◆ Problem requirements ◆
Report the count of lines below in which the string "quality" occurs; include nothing else.

◆ Data under study ◆
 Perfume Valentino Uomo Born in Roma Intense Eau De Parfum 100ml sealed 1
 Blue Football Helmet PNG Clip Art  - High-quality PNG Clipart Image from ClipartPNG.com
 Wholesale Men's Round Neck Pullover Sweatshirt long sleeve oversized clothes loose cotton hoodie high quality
---
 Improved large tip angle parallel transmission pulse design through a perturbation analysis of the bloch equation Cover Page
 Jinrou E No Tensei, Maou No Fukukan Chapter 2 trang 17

◆ Output for this exercise ◆
2